Well, I love Cordi and wanted to celebrate our reunion. We are doing that and we are letting you in
on our celebration. Because she is such a great cook, I asked Cordi to share some of her fine
cooking with my web visitors.
She has graciously provided this great recipe which happens to be a favorite of hers. Thank you for sharing Cordi.
Red Beans and Rice
This dish is a Louisiana
favorite. Every Monday in New Orleans is "Red Beans and Rice Day". The addition of
Smoked Sausage originated in the southern section of Louisiana. The Red Beans are delicious
with or without the addition. Cordi says, "I have received rave reviews from my guests for
this recipe. Try it, I'm sure you will rave too".
INGREDIENTS:
1 pound Red Beans
1 -2 pounds Smoked Neck Bones
2 packages Hillshire Hot or Regular (pork or beef) Sausage
2 medium Yellow Onions, chopped
1 medium Green Bell Pepper, chopped
2 cloves Garlic, minced
2 ribs Celery, chopped
Seasonings:
Salt to taste (you may use regular or seasoned salt)
Black Pepper to taste
3 large Bay Leaves
2 tablespoons Chili Powder
1 to 1 1/2 tablespoons Paprika
Cooking the Beans:
Soak red beans overnight, or about 6 hours, in enough water to cover all beans. After this soak, drain
water, then cover with fresh water. Let beans remain in this water until ready to cook.

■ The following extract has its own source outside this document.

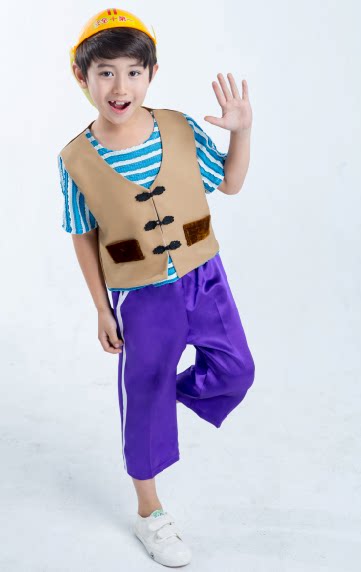 六一新款儿童光头强演出服熊大熊二小熊熊出没光头强成人款表演服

The Cooking Utensil: You may use a Boiling Pot or a Crock
Pot.
The Boiling Method
1. Clean smoked neck bones (there is a brain stem
that runs down the neck of the pig). When the bones are chopped, the stem can be
found in the channel-like opening. Remove it!
2. Boil the bones until they are 1/2 of the way tender, using enough water to cover.
Through the boiling period, maintain this level of water.
3. Add the chopped onions, bell pepper, celery and minced garlic.
4. Add salt, black pepper, chili powder, bay leaves and paprika.
5. Drain water from the beans, add to pot and cover with lid. Cook at medium heat
for twenty minutes.
6. Reduce heat to simmer and cook until the beans are 2/3 tender. Be sure to
taste for seasoning. Add more salt if necessary.
7. Meanwhile, slice the Hillshire Smoked Sausage in 1" to 2" pieces. Place
in a baking pan in a 300 degree oven for about 30 minutes. Drain off and discard the fatty liquid.
Add the sausage to the pot of beans and neck bones.
8. Continue to cook until the beans are fully tender when pierced with a fork. Skim off all
visible fat.
The Crock Pot Method
Cordi says, "I prefer this method because it is so easy. I place ALL of the ingredients in
a five-quart crock pot about 11:00 P.M., set the temperature on HIGH, then go to bed. The aroma
will wake you up early the next morning".
If your use this method, follow the same procedure for soaking the beans and cleaning the smoked
neck bones.
The measurements will vary according to the size of your crock pot.
Obviously, if you have a smaller crock pot, you cannot use the full pound of beans or as many smoked neck bones or
much smoked sausage.
SO, here is what to do: Place ALL ingredients and seasonings in the
crock pot EXCEPT the smoked sausage, add water to cover, adjust heat level to HIGH, cover with the lid, and go
about your business! This method will take approximately 7 - 8 hours.
Use the same procedure for baking the smoked sausage and add to the
crock pot about 1 hour before you expect your beans to be fully done. Do not forget to taste throughout the
cooking process.
RICE
Cordi swears by UNCLE BEN'S INSTANT RICE PACKETS, because they are ready in a flash.
However, the says, "use whatever rice that you prefer".